# TASK INSTRUCTIONS
Only the lines below starting at the one containing "Prepping Your Car" and ending at the one containing "Геймпад PowerA Wireless Controller Spectra" belong in the answer, each copied exactly.

# INPUT
▬▬▬▬▬▬

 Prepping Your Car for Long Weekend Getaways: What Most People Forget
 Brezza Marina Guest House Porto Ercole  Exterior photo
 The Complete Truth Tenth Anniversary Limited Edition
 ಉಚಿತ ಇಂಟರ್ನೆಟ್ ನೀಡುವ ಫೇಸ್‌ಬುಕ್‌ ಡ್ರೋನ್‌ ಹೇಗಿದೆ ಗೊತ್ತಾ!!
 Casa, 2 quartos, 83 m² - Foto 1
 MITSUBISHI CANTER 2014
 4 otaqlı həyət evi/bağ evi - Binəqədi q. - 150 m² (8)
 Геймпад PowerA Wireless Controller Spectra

▬▬▬▬▬▬

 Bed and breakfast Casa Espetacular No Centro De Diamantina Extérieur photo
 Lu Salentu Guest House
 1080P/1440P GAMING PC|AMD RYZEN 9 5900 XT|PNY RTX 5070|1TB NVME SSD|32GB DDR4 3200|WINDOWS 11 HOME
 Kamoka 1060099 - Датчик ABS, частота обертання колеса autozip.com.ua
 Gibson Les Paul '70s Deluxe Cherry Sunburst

▬▬▬▬▬▬

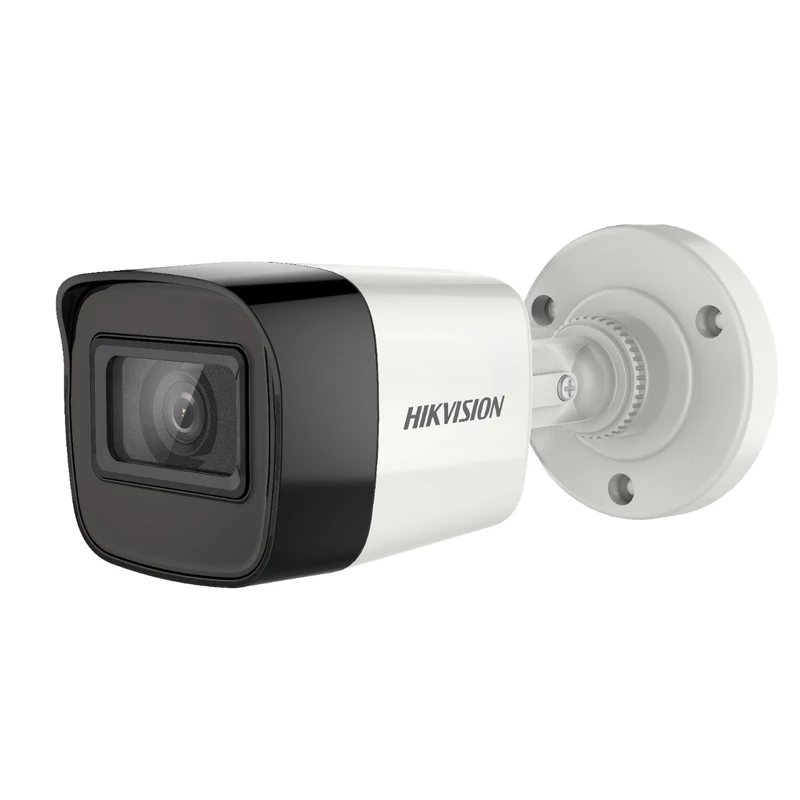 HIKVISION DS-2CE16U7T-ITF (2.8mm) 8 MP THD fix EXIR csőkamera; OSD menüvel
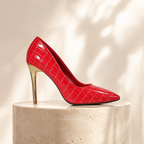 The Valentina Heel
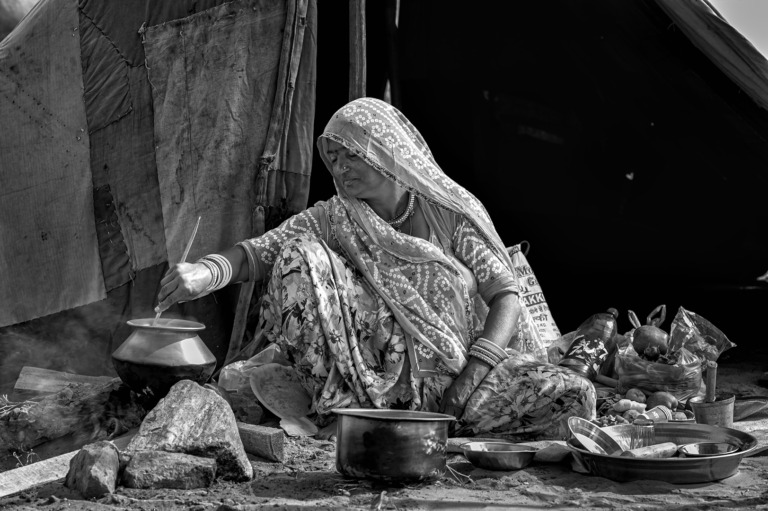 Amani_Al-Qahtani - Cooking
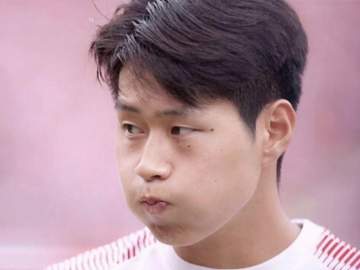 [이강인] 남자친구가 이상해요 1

▬▬▬▬▬▬

# SOLUTION BELOW
 Prepping Your Car for Long Weekend Getaways: What Most People Forget
 Brezza Marina Guest House Porto Ercole  Exterior photo
 The Complete Truth Tenth Anniversary Limited Edition
 ಉಚಿತ ಇಂಟರ್ನೆಟ್ ನೀಡುವ ಫೇಸ್‌ಬುಕ್‌ ಡ್ರೋನ್‌ ಹೇಗಿದೆ ಗೊತ್ತಾ!!
 Casa, 2 quartos, 83 m² - Foto 1
 MITSUBISHI CANTER 2014
 4 otaqlı həyət evi/bağ evi - Binəqədi q. - 150 m² (8)
 Геймпад PowerA Wireless Controller Spectra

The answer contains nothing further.